Изучая подготовительные периоды революций, мы приходим к заключению, что ни одна революция не вытекла из сопротивления или из нападения парламента, или какого-либо другого представительного собрания. Все революции начинались в народе. И никогда ни одна революция не появлялась вооруженною с головы до ног, как Минерва, выходящая из головы Юпитера. Все они имели, кроме подготовительного периода, свой период эволюции, в течение которого народные массы, формулировав свои, вначале очень скромные требования, проникались мало-помалу, очень медленно, все более и более революционным духом. Они становились смелей, дерзновенней, чувствовали более доверия к своим силам и, выйдя из летаргии отчаяния, постепенно расширяли свою программу. Требовалось время, пока их вначале «смиренные представления» становились потом революционными требованиями.

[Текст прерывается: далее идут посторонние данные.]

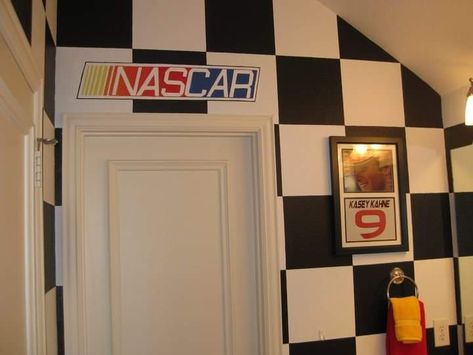 Race Car Bathroom Ideas, Car Bathroom Ideas, Racing Nursery, Nascar Room, Race Car Nursery, Tractor Room, Boy Room Themes, Car Themed Bedrooms, Car Room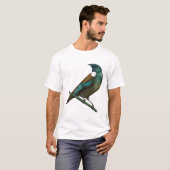 チュイ・ニュージランド・バード Tシャツ (正面フル)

Действительно, во Франции потребовалось не менее четырех годов, с 1789 по 1793 г., чтобы создалось республиканское меньшинство, достаточно сильное, чтобы захватить в руки власть.

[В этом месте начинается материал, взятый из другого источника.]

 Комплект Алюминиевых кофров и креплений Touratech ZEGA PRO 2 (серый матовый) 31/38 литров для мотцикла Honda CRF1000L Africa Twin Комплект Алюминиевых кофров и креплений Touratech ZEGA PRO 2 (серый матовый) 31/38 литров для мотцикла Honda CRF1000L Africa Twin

Что же касается до подготовительного периода, мы его понимаем следующим образом. Сначала отдельные личности, глубоко возмущенные тем, что они видели вокруг себя, восставали поодиночке. Многие из них погибали без всяких видимых результатов, но равнодушие общества было уже поколеблено благодаря этим отдельным героям.

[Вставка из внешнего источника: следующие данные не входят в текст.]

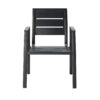 APK Aluminium Chair Black Frame + Black Polywood 60x67 - Image 3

Даже самые довольные и ограниченные люди были вынуждены спросить себя, ради чего эти молодые, честные, полные сил люди отдавали свою жизнь? Равнодушным более нельзя было оставаться – нужно было высказаться «за» или «против». Мысль работала.
Мало-помалу небольшие группы людей также проникались революционным духом. Они восставали – иногда с надеждой на частичный успех, чтобы выиграть, например, стачку и получить хлеба для своих детей или чтобы отделаться от какого-нибудь ненавистного чиновника, – но также часто и без всякой надежды на успех, просто возмущенные, потому что невозможно было дольше терпеть. Не одно, не два и не десять таких восстаний, но сотни бунтов предшествуют каждой революции. Есть пределы всякому терпению. Это мы хорошо видим в Соединенных Штатах в настоящий момент.
Часто указывают на мирное уничтожение крепостного права в России. Но при этом забывают или не знают, что освобождению крестьян предшествовал длинный ряд крестьянских бунтов, которые и привели к уничтожению крепостного права. Волнения начались еще в 50-х годах – может быть, как отклик революции 1848 г. или крестьянских восстаний в Галиции в 1846 г., и каждый год они распространялись все шире и шире в России, становясь все серьезнее и принимая ожесточенный, неслыханный дотоле характер. Это продолжалось до 1857 г., когда Александр II выпустил наконец свое письмо к литовскому дворянству, содержавшее обещание освободить крестьян. Слова Герцена «Лучше дать освобождение сверху, чем ждать, когда оно придет снизу», – слова, повторенные Александром II перед крепостническим дворянством Москвы, не были пустой угрозой: они отвечали действительности.